Hossein Lashkari (حسین لشگری), known as "Seyyed-al-Usara of Iran" (i.e. the master of Iranian captives) (Persian: سیدالاسراء ایران), (born in 1953, died in 2009), is an Iranian pilot who was captured in the Iran–Iraq War, and was freed after 18 years in captivity in Iraq. He died on 10 August 2009 owing to complications caused by his imprisonment.

== Life ==
Hossein Lashkari who is also known as "Shahid-Lashkari" (Martyr Lashkari) was born in the village of Zia-Abad in the city of Qazvin. This Iranian pilot passed his elementary education in Zia-Abad and departed to the capital of Qazvin province. He was assigned to the 77-Khorasan Division to do his military service after getting his diploma-degree in 1971. Later on, he entered the Imperial Iranian Air Force in 1975. In the summer of 1977, Lashkari graduated from the army university as a second lieutenant.
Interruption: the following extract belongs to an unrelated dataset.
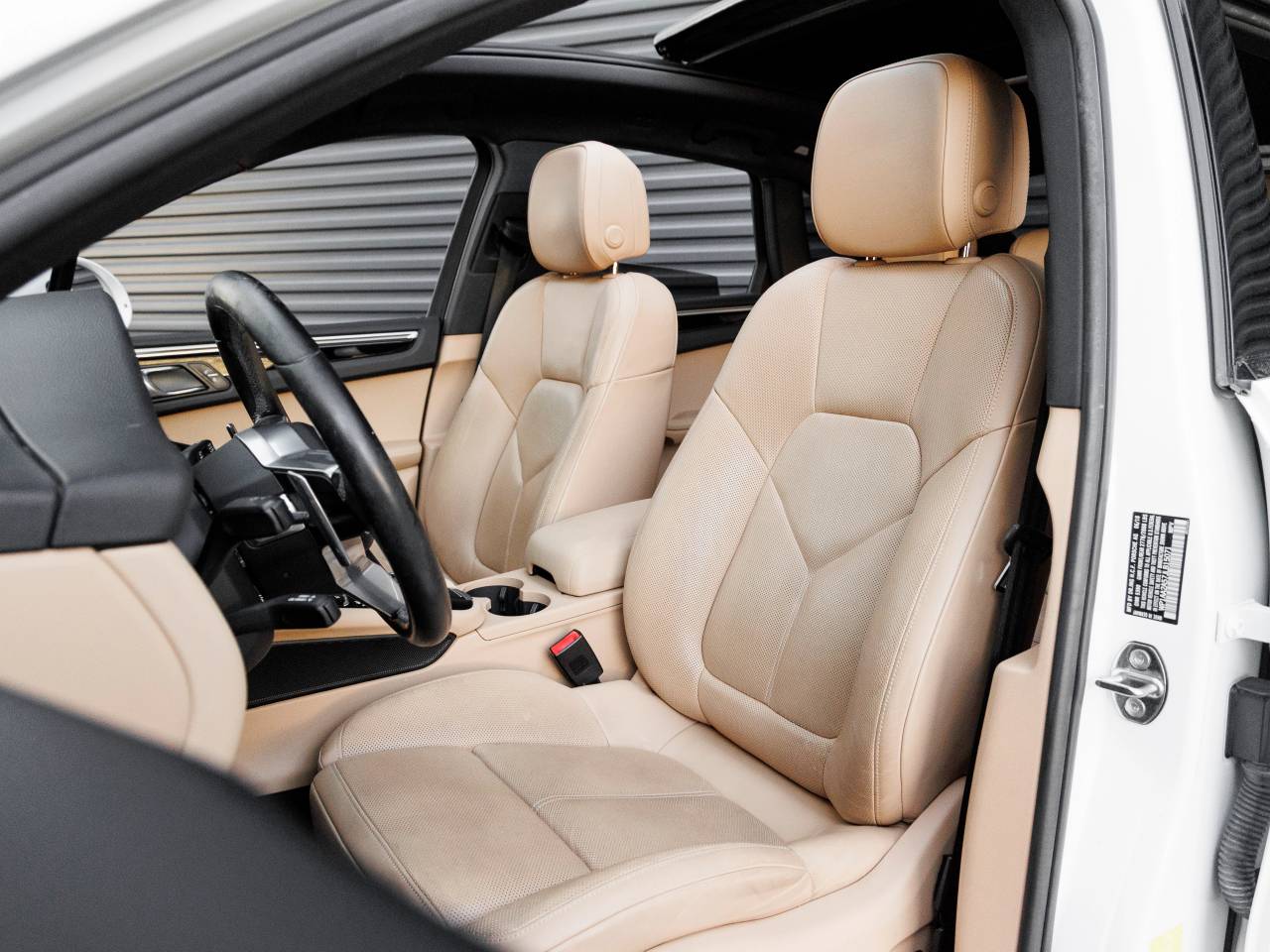 2018 Porsche Macan Macan Sport Edition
His highest rank was major general.

== Iran–Iraq War ==
Lashkari has been named as the last captured, "liberated martyr Major General Pilot Hossein-lashkari", fought in the Iran–Iraq War. After performing 12 missions, his fighter was hit by an enemy missile; he bailed out and was captured by Iraqi forces in Iraq. After the adoption of United Nations Security Council Resolution 598, Lashkari was separated from his fellow prisoners of war (POWs), and the second portion of his captivity lasted for 16 years. His individual captivity lasted for ten years. Afterwards, he was kept with 60 Iranian POWs for eight years. He was contacted by the Red Cross after 16 years and returned to the Islamic Republic of Iran two years later on 6 April 1998.

Hossein Lashkari eventually died on 10 August 2009 owing to complications caused by his captivity at the time of the Iran–Iraq War.